7. Eraserhead (1977)
Premier long-métrage du cinéaste, Eraserhead est l’histoire de Henry Spencer, un homme sans histoire vivant dans une ville industrielle particulièrement lugubre, dont la femme vient de le quitter en lui laissant dans les bras un nouveau-né, prématuré et monstrueux. Il s’échappe de son univers oppressant, dans lequel le bébé ne cesse de pleurer, pour aller dans un monde parallèle où vit la Dame du radiateur. Une ambiance terriblement angoissante et morose, Lynch pose alors les jalons aux yeux du grand public de ce qui deviendra sa patte cinématographique.
6. Elephant Man (1980)
Ce film, également tourné en noir et blanc, est une adaptation romancée des mémoires de Frederick Treves, le médecin (joué par Anthony Hopkins, Le silence des agneaux) qui prit en charge Joseph Merrick, surnommé « Elephant Man » (« l’homme-éléphant ») du fait de ses nombreuses difformités dues à son elephantiasis, une pathologie du système lymphatique. Une adaptation tout en finesse, en pudeur, qui soulève la question de la normalité des personnes vues comme des monstres et de la monstruosité de ceux qui se considèrent dans la norme.
5. Blue Velvet (1986)
Blue Velvet raconte l’histoire d’un jeune étudiant (Kyle MacLachlan) qui, rentrant chez lui pour rendre visite à son père malade, découvre une oreille humaine coupée dans un champ.
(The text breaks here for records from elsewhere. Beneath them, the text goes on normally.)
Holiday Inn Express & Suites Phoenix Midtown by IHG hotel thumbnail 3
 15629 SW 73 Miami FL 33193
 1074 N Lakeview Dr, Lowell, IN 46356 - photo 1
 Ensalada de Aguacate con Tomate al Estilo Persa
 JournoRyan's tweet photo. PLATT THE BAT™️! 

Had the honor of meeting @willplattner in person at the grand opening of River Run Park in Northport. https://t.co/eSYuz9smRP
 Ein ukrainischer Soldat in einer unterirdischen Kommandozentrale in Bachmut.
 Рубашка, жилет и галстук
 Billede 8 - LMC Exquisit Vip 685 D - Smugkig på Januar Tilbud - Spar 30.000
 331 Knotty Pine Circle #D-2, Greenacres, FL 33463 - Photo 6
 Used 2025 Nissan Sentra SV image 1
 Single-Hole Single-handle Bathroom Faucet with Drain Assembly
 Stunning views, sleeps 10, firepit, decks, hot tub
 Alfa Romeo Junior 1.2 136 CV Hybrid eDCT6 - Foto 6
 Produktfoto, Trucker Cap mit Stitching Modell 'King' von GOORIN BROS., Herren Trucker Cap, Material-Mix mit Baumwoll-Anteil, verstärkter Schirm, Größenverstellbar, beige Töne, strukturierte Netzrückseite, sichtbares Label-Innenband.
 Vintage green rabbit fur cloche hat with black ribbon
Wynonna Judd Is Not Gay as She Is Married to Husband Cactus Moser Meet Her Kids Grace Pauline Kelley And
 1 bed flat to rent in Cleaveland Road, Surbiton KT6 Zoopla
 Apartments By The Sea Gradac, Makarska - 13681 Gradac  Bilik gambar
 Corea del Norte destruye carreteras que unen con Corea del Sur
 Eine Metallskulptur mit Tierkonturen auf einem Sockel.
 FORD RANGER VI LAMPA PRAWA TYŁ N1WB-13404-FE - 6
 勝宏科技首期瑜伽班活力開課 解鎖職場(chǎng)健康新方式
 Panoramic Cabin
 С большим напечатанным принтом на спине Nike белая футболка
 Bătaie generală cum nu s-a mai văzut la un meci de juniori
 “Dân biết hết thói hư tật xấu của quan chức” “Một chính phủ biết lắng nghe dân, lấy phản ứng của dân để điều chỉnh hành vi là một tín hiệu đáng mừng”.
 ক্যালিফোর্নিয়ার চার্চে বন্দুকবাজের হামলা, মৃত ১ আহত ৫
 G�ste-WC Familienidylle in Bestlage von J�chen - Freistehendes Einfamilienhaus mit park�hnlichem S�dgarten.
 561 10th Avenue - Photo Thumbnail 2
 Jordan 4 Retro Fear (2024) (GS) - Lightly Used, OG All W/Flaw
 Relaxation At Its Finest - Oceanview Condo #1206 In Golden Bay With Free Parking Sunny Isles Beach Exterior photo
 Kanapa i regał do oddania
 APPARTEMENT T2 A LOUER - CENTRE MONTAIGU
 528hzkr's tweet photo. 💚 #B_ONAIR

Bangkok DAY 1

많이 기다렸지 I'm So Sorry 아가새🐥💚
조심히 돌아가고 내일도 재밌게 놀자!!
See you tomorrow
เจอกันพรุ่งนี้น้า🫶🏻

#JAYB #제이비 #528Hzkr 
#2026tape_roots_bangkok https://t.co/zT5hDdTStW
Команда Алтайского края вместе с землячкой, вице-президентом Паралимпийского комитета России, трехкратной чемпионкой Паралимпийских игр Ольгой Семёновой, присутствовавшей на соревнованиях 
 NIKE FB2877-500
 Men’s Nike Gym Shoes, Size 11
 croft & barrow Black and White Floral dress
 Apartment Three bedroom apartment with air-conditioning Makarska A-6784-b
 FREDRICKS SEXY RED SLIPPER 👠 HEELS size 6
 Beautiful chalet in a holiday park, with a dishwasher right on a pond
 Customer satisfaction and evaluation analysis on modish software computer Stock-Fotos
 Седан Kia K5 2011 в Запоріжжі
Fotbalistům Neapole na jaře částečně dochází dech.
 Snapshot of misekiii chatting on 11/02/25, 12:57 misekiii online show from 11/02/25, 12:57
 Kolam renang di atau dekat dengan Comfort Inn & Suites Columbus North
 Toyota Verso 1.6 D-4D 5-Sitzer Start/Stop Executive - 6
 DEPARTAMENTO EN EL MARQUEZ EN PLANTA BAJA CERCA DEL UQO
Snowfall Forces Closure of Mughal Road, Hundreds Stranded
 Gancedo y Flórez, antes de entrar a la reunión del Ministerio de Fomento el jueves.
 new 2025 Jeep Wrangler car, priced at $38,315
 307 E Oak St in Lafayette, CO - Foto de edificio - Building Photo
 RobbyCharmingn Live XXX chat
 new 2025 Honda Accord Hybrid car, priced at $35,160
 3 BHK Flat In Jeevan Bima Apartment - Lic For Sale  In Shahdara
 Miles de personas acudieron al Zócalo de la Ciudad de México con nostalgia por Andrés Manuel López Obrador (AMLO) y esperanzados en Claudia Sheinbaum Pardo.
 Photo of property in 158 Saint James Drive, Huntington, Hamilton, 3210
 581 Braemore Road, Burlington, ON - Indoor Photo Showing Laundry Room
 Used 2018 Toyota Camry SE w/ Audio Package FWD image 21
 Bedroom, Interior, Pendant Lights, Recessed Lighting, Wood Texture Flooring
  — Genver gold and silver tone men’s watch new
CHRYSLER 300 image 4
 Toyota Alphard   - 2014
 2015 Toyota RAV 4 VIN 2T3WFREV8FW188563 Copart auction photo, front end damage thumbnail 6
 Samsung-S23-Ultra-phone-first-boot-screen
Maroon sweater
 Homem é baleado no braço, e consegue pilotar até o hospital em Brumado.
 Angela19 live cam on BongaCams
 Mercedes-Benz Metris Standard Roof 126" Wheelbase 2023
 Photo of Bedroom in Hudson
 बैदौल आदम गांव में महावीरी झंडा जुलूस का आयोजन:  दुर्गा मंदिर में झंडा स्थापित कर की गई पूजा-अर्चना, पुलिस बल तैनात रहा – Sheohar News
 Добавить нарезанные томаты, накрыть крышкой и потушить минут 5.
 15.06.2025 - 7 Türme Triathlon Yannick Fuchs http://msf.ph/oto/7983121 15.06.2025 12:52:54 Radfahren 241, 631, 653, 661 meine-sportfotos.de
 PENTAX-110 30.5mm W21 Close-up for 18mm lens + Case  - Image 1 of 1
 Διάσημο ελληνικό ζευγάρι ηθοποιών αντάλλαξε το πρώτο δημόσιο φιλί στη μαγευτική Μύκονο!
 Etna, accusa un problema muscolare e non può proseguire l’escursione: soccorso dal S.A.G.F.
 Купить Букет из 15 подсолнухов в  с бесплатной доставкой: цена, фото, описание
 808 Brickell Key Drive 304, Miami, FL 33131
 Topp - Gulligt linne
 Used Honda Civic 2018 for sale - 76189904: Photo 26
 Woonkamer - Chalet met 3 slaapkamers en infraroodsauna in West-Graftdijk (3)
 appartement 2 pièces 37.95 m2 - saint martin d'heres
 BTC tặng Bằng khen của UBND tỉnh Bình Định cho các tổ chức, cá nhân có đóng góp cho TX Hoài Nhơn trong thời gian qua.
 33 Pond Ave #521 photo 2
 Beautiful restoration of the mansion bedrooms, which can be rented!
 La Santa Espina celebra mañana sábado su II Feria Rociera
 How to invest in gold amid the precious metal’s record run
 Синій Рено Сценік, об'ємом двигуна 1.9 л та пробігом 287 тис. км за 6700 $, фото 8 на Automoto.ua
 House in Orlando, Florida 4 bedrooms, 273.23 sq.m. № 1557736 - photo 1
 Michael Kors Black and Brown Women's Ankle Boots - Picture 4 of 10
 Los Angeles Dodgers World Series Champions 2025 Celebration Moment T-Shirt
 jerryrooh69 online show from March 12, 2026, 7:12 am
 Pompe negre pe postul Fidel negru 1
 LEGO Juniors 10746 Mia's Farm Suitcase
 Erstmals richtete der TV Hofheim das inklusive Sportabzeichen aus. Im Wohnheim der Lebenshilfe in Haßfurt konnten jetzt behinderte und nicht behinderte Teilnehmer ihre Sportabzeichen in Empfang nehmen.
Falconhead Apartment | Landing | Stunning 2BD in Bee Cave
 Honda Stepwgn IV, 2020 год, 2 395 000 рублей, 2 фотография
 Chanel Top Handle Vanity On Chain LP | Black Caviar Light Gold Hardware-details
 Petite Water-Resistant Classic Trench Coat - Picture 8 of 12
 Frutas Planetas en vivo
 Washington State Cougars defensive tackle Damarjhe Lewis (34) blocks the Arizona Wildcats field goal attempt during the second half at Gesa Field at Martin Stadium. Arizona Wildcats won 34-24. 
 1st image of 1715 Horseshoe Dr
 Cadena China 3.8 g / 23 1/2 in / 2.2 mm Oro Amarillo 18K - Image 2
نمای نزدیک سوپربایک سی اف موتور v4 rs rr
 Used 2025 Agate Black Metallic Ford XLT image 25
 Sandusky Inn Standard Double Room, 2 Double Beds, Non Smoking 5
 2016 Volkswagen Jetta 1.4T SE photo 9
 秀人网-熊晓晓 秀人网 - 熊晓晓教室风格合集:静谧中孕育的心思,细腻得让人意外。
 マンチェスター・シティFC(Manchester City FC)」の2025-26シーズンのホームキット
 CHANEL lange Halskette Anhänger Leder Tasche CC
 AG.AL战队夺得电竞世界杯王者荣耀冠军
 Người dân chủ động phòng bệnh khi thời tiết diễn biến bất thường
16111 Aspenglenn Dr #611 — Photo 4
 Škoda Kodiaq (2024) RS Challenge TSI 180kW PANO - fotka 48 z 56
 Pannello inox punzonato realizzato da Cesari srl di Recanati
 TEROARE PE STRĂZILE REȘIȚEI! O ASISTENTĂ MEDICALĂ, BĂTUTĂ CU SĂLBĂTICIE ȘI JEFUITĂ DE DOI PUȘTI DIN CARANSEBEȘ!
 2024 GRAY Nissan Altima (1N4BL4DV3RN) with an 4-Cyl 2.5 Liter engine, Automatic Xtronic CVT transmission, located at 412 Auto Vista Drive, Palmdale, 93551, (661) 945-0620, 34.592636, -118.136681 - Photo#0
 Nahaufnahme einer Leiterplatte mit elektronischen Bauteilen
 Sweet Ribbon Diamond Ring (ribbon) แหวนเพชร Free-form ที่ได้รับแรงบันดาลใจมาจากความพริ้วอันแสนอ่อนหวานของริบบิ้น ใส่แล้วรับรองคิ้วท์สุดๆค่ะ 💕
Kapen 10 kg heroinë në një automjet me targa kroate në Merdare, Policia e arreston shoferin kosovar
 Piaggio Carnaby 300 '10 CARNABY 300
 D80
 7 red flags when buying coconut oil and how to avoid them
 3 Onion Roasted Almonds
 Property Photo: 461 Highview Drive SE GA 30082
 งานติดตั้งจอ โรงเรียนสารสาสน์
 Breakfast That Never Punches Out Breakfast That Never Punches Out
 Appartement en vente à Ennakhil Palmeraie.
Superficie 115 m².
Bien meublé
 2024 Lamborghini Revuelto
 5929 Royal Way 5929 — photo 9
L’oreille l’amène à découvrir une vaste conspiration criminelle et à nouer une relation amoureuse avec une chanteuse de bar à problèmes. Une ambiance de film néo-noir hypnotique au milieu de l’Amérique fantasmée des années 50 si chère à Lynch, un Dennis Hopper (Easy rider) délirant et un érotisme marqué grâce au talent et à la beauté d’Isabella Rossellini, sont les ingrédients de ce long-métrage qui restera longtemps dans les mémoires, d’ailleurs supposé par certains cinéphiles être un préquel à Twin Peaks.
4. Lost Highway (1997)
Le film suit un musicien (Bill Pullman, Independance day, The Sinner) qui commence à recevoir de mystérieuses cassettes VHS de lui et de sa femme (Patricia Arquette, True romance, Human nature) dans leur maison. Il est soudainement condamné pour meurtre, après quoi il disparaît inexplicablement à cause d’un homme mystérieux (Robert Blake). Il est remplacé par un jeune mécanicien (Balthazar Getty, Lame de fond) menant une vie différente. Mais, peu à peu, des éléments de son passé resurgissent. Un récit divisé en deux parties, demandant plusieurs visionnages pour être bien compris, avec des zones d’ombres qui persistent encore malgré tout, pendant que l’on voit passer les lignes jaunes de l’autoroute la nuit, et que défile le générique de fin dans le silence puis avec « I’m deranged« , de David Bowie. Film culte des nineties, avec ses références soulignées au film noir Hollywoodien, ses cigarettes, ses femmes fatales, et ses personnages torturés, on atteint la quintessence de l’art de David Lynch dans ce top.
3. Sailor & Lula (1990)
Dans ce road-movie rock’n’roll, tragique, étrange et sexy, Sailor (Nicolas Cage, Leaving Las Vegas) et Lula (Laura Dern) s’aiment d’un amour fou, absolu. Mais ils doivent échapper à la mère psychopathe de cette dernière, Marietta (Diane Ladd, nulle autre que la mère de Laura Dern!), qui s’oppose à cette liaison. Au cours de leur cavale pour échapper à Marietta, ils croisent de nombreux personnages étranges et inquiétants, parmi lesquels le déjanté Bobby Peru (Willem Dafoe, The Lighthouse). Une ribambelle de personnages dérangeants et hauts en couleurs, des scènes cultes à foison (entre autres Cage qui chante « Love me » d’Elvis sur scène), ce film auréolé de la Palme d’or de l’année 1990 raconte la pureté de l’amour progressivement contaminé par la noirceur du monde qui l’entoure.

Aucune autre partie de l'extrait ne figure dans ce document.